Austin-area businesses now have a dedicated space where they can test and develop robots and drones.
The Center for Autonomous Robotics, a coworking space and testing facility, is a partnership between Austin Capital Factory accelerator and incubator and Austin Guinn Partners drone company. The center, which officially opened over the weekend as part of this year’s South by Southwest event, is designed to have everything a company in the robotics industry would need to develop devices at aerial, terrestrial or aquatic use.
Capital Factory celebrated the center’s debut on Sunday with a launch party featuring robots and drones. The center will also be open on Monday with signs and demonstrations on both days.
Read more: At SXSW, Austin-based Icon shows the possibilities of 3D-printed homes
In a statement announcing the launch of the center, Capital Factory CEO Joshua Baer said iteration — trying processes or operations over and over to get closer and closer to the desired goal — is necessary for innovation.
“You have to try, fail and try again as quickly as possible,” Baer said. “If you want to innovate with drones and robots, you need to be in a place where you can easily test your designs over and over again.”
The center includes an area where drones can take off and fly, a lawn where ground robots can be tested, and a lake area for launching underwater and surface vehicles, as well as laboratory facilities. The 10,000 square foot space is at Plaza on the Lake, a complex off the Capital of Texas Freeway, just off the Pennybacker Bridge.
Companies using the center will also receive the usual benefits of Capital Factory membership and will have a specially designed space to test their robotics.
Read more: Austin’s Diligent Robotics, which makes medical robots, raises $10 million to continue growing
Colin Guinn, founder of Guinn Partners, said companies need a place to work on the complex automation technical issues that are prevalent in the industry.
“If America is going to be a global player in drones and robotics — and we should — then companies in this space need a place to collaborate and solve these problems together,” he said. “The (Center for Autonomous Robotics) meets that need and more.”
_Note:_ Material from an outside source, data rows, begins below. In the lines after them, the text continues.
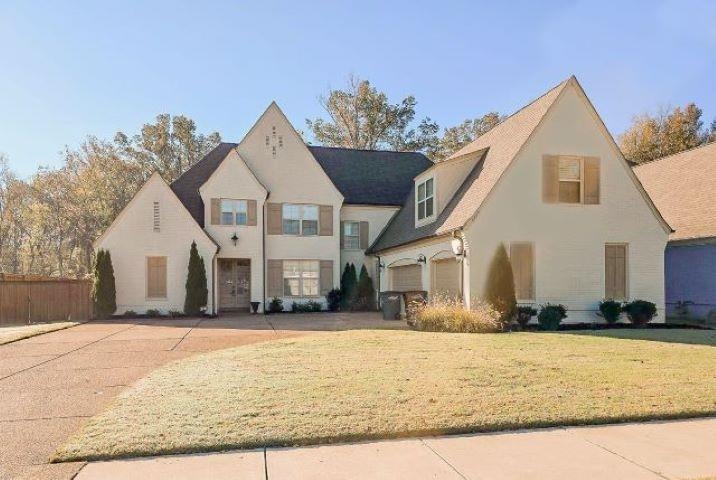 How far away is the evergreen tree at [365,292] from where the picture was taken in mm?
23500

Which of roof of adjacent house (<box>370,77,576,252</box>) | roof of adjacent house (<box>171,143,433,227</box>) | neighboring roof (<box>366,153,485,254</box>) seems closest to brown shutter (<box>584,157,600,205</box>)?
roof of adjacent house (<box>370,77,576,252</box>)

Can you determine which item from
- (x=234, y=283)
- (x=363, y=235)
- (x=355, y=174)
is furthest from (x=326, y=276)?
(x=355, y=174)

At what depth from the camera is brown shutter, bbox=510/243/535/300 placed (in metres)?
15.6

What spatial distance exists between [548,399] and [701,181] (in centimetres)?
1734

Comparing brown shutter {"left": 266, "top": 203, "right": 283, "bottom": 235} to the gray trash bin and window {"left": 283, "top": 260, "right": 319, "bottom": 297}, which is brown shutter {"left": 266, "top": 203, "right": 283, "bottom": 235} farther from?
the gray trash bin

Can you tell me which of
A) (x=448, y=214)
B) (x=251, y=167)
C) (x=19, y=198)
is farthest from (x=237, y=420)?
(x=19, y=198)

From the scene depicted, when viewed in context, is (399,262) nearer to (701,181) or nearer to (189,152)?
(701,181)

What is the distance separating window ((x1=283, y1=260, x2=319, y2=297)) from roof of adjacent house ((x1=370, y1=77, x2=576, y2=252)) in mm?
5174

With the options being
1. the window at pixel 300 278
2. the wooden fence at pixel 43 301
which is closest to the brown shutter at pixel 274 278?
the window at pixel 300 278

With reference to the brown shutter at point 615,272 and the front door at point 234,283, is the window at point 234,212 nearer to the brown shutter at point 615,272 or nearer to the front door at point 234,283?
the front door at point 234,283

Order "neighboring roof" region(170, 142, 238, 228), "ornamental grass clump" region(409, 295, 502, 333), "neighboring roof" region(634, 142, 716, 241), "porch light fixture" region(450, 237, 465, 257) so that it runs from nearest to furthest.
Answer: "ornamental grass clump" region(409, 295, 502, 333), "porch light fixture" region(450, 237, 465, 257), "neighboring roof" region(634, 142, 716, 241), "neighboring roof" region(170, 142, 238, 228)

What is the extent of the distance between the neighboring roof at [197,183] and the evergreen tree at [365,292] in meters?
7.27

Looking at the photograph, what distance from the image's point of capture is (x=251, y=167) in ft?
75.7

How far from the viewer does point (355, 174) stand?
1038 inches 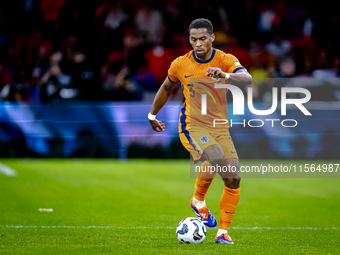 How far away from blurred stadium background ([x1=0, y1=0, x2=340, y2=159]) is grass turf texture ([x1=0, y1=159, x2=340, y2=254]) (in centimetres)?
→ 65

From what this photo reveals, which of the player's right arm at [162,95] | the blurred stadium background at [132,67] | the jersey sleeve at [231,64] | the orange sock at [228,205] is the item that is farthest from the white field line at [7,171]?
the jersey sleeve at [231,64]

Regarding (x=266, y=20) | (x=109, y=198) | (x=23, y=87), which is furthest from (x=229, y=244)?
(x=266, y=20)

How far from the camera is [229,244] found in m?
5.15

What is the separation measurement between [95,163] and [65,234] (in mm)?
6083

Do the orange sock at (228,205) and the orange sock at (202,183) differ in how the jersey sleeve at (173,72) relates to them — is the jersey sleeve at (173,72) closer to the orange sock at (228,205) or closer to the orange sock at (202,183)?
the orange sock at (202,183)

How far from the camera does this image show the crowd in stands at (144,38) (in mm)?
12781

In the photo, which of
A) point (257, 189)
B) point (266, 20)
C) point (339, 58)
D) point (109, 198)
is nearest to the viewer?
point (109, 198)

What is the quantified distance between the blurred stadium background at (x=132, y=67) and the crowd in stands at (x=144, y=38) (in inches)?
1.2

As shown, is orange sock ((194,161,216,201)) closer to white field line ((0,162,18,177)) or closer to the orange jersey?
the orange jersey

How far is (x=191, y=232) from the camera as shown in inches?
202

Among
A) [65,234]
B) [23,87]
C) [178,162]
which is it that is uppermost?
[23,87]

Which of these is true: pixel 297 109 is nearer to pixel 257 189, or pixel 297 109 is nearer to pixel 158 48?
pixel 257 189

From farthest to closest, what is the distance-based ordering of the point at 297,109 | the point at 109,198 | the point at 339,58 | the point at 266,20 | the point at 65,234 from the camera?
the point at 266,20
the point at 339,58
the point at 297,109
the point at 109,198
the point at 65,234

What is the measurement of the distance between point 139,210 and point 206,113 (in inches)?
92.9
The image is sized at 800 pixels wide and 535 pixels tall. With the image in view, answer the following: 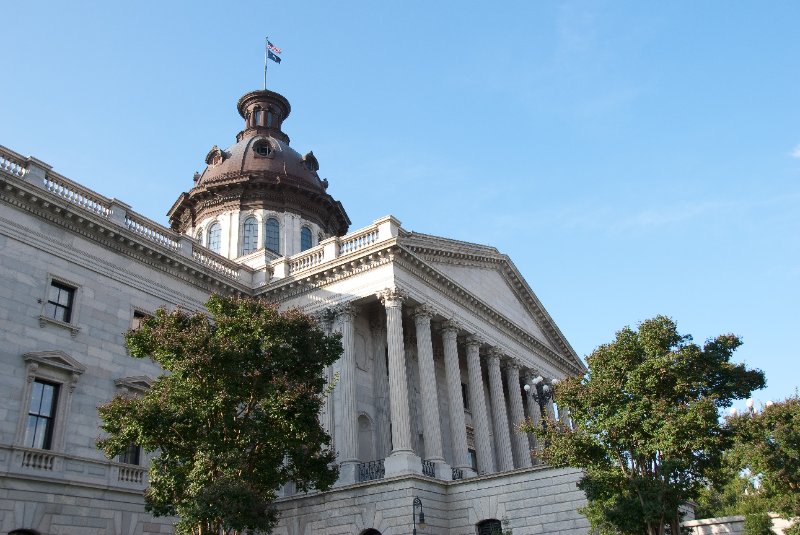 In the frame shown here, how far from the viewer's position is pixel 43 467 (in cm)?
2014

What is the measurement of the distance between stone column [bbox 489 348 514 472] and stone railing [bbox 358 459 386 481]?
24.8 feet

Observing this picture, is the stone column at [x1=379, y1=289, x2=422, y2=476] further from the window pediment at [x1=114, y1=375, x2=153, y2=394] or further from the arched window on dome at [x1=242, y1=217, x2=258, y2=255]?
the arched window on dome at [x1=242, y1=217, x2=258, y2=255]

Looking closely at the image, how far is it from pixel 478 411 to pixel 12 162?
64.2 feet

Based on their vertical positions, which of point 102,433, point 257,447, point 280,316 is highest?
point 280,316

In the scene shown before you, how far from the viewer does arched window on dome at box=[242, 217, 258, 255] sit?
125 feet

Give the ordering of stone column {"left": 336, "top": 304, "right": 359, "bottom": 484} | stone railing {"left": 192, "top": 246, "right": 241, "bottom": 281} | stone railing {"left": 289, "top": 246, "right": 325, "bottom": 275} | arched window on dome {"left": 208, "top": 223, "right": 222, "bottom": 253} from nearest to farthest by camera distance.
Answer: stone column {"left": 336, "top": 304, "right": 359, "bottom": 484}
stone railing {"left": 192, "top": 246, "right": 241, "bottom": 281}
stone railing {"left": 289, "top": 246, "right": 325, "bottom": 275}
arched window on dome {"left": 208, "top": 223, "right": 222, "bottom": 253}

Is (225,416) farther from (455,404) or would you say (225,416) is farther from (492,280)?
(492,280)

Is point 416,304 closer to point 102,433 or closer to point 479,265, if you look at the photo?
point 479,265

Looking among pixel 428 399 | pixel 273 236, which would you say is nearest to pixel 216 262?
pixel 273 236

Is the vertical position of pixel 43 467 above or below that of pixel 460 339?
below

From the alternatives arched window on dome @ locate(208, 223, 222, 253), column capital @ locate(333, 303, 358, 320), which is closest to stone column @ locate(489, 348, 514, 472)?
column capital @ locate(333, 303, 358, 320)

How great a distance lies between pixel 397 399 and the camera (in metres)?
25.1

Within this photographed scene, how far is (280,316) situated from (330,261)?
34.6ft

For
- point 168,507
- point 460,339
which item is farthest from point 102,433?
point 460,339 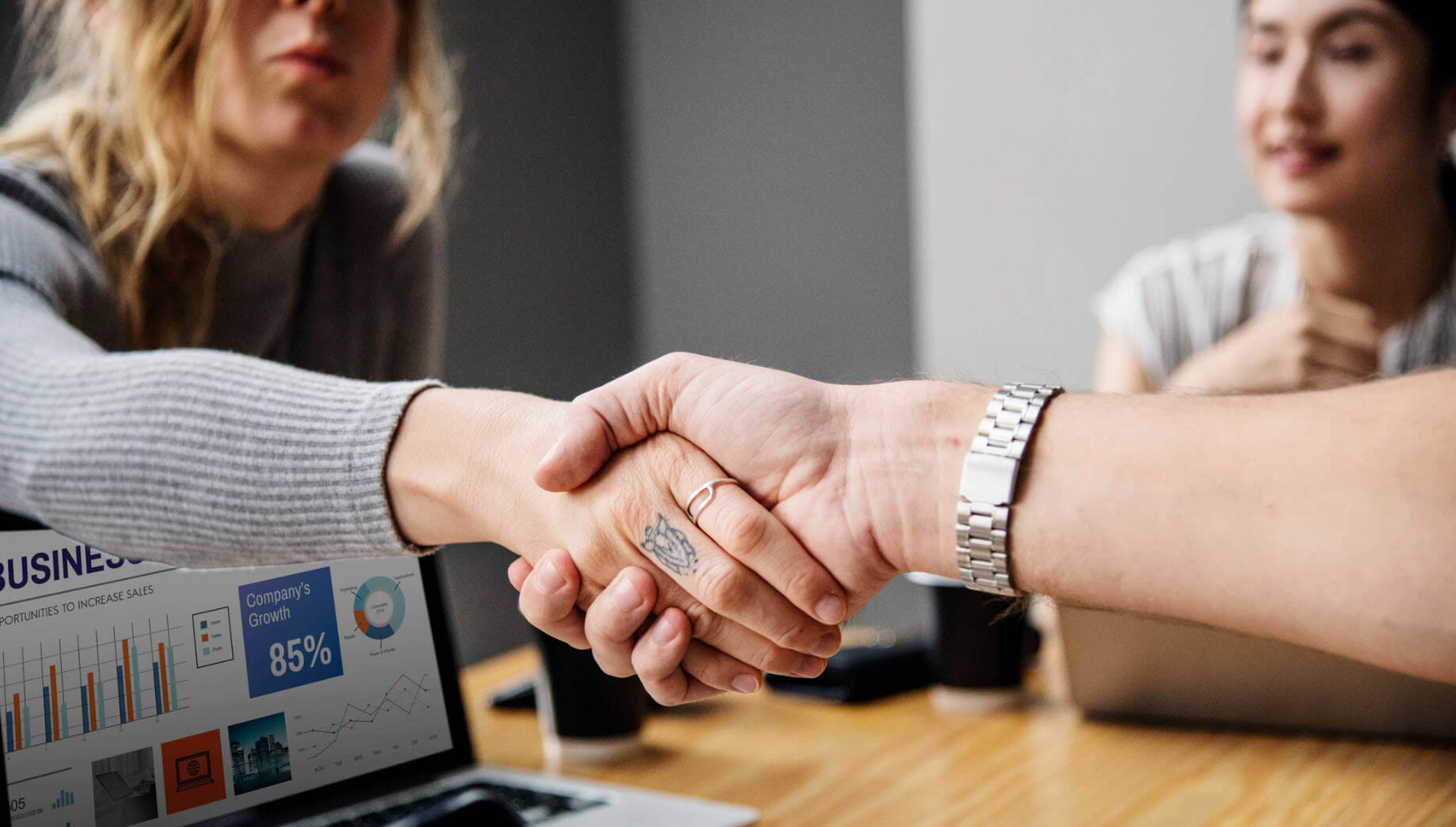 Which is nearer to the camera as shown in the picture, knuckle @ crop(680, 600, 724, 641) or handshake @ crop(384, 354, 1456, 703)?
handshake @ crop(384, 354, 1456, 703)

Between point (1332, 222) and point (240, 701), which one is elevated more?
point (1332, 222)

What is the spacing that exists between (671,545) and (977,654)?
0.42m

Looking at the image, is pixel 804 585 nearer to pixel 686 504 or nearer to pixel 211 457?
pixel 686 504

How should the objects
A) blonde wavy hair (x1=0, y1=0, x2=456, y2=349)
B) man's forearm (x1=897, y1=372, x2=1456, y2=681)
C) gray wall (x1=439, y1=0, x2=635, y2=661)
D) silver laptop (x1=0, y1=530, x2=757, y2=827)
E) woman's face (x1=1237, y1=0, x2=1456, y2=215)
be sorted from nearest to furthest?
man's forearm (x1=897, y1=372, x2=1456, y2=681) < silver laptop (x1=0, y1=530, x2=757, y2=827) < blonde wavy hair (x1=0, y1=0, x2=456, y2=349) < woman's face (x1=1237, y1=0, x2=1456, y2=215) < gray wall (x1=439, y1=0, x2=635, y2=661)

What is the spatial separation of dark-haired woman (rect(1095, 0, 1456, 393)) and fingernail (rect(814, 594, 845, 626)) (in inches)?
37.9

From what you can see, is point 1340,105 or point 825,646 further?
point 1340,105

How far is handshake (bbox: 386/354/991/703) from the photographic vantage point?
73 cm

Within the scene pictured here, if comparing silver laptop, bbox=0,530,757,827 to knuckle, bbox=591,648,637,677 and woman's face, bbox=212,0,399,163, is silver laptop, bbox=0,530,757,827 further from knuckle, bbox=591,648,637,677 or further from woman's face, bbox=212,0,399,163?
woman's face, bbox=212,0,399,163

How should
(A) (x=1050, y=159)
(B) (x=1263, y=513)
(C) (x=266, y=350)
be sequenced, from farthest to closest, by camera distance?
1. (A) (x=1050, y=159)
2. (C) (x=266, y=350)
3. (B) (x=1263, y=513)

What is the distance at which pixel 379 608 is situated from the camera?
80cm

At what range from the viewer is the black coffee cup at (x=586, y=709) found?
37.5 inches

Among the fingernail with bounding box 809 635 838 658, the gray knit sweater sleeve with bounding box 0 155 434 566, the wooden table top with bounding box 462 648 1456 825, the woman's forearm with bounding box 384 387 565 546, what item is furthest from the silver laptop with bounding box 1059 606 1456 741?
the gray knit sweater sleeve with bounding box 0 155 434 566

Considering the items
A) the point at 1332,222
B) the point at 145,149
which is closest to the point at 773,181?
the point at 1332,222

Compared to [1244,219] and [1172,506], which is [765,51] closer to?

More: How Austin became a tech ‘superstar’ during the pandemic
The launch event showcased technology from startups, corporations, universities, and government entities. The companies showcased technologies ranging from indoor gardening to military-grade drones to battery technology.
Austin-based Lift Aircraft has brought a crowd favorite, with periodic demonstrations of its flying personal multirotor aircraft – essentially a human-sized drone.
Lift Aircrafts made its public debut at SXSW in 2019, showing off a scaled, but non-flying aircraft at the time.
“Now at the next (SXSW) we’re flying so that’s really exciting for us,” said Kristin Giffin, director of marketing and communications for Lift Aircraft.
She said the Center for Autonomous Robotics “exposes people to technology and shows them what it is, what it can be and how exciting it is. So we hope people will see it as excited that we. .”
More: Sandra Bullock’s message for people moving to Austin: Don’t change it
The company is planning a 25-city tour to show off its technology. From there, it plans to build its first vertiport site in Austin, where customers can fly the aircraft from one vertiport to another.
“A lot of it looks a lot like a giant drone. The difference, of course, is that one person could get it and fly it,” Giffin said. “With an hour of practice, anyone can ride it.”
Wilder Systems, based in Austin, showed its CBR robot, capable of decontaminating planes and military vehicles. The robot is capable of performing typical maintenance and cleaning operations, and can also handle contaminants such as chemicals or radioactive materials that are hazardous to handle by humans.
The robot essentially functions as a mobile car wash, capable of scanning a vehicle, mapping a 3D path, and getting into every nook and cranny faster than a person.
Bryce Dixson, an engineer at Wilder Systems, said the company hopes to develop business leads and expand operations.
“We try to show our talents and abilities to the greater Austin area and to anyone who comes to see us,” he said.